I thought about this again when I was buying a new pair of running shoes a few months ago. As any good shoe store will tell you to do, I was out in the parking lot trying out each pair of shoes I tried on. The guy who was helping me asked me ‘are you new to running?’, to which I replied, ‘no, just haven’t done it in a while’. Then he told me to remember my form while getting back into it.
The Germans don’t mince their words, and I appreciate it. In America, I probably would have heard ‘your running form is interesting, how’s that working out for you?’ instead. And that wouldn’t have been helpful.
I don’t know about you guys, but my form isn’t ever something I think about FIRST while running, or learning a new technique, or sitting in my comfy office chair. I think first ‘DO IT’, and then once it’s been done and I CAN do the thing, then I start to modify the technique.
I have a tendency to hunch while running, and I also definitely let my heel hit the ground first, which it shouldn’t. Well, not hard, at least, and I let it go hard. These are the things I need to work on.
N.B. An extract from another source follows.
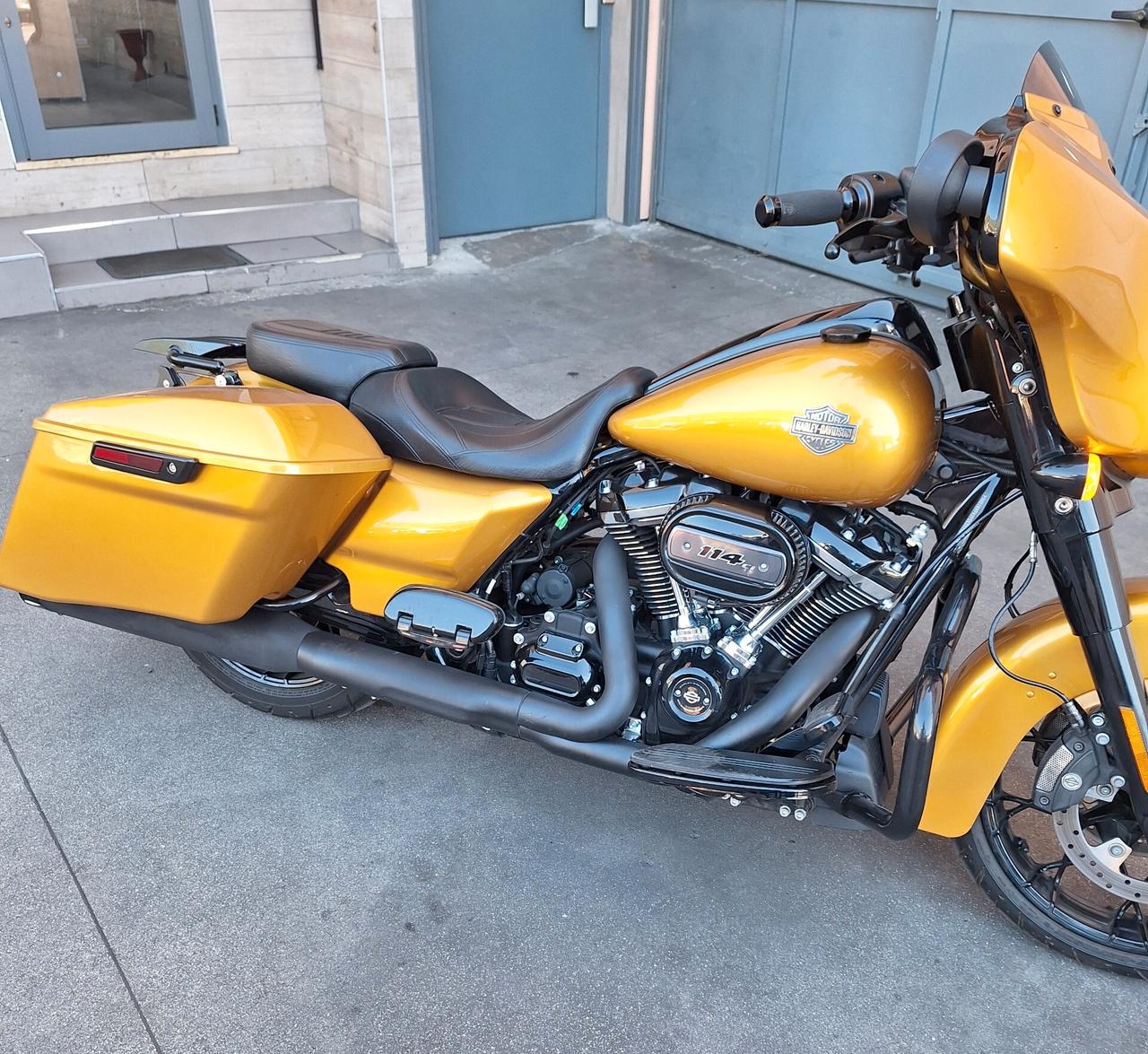 Harley-davidson Touring Street Glide Gold 114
Most likely due to my bad posture, I’ve got lower back pain issues. I’ve always had them, just like I’ve always had bad posture. I think the two are related. I’ve also noticed that when I get back INTO running after NOT having run for a while, that my knees give me pain.
A lot of new runners complain about knee pain, and there are a LOT of reasons to have knee pain when you’re running. Most of the time, it’s due to weakness somewhere else in your leg, and that’s usually my problem, since I don’t have the hip adduction/abduction machine sitting in my living room.
But often, we experience pain because our form is poor. So below, I’ve collected some links for those of you who might be getting back into running and have an interest in checking to make sure you’ve got the right running form!
Active dot com: Perfect Your Running Technique (has a link to a helpful video!)
While doing my Couch to 5K run yesterday, I made sure to be conscious of my form and to try to follow the guidelines: it was the first day where I felt NO pain while running!! Progress!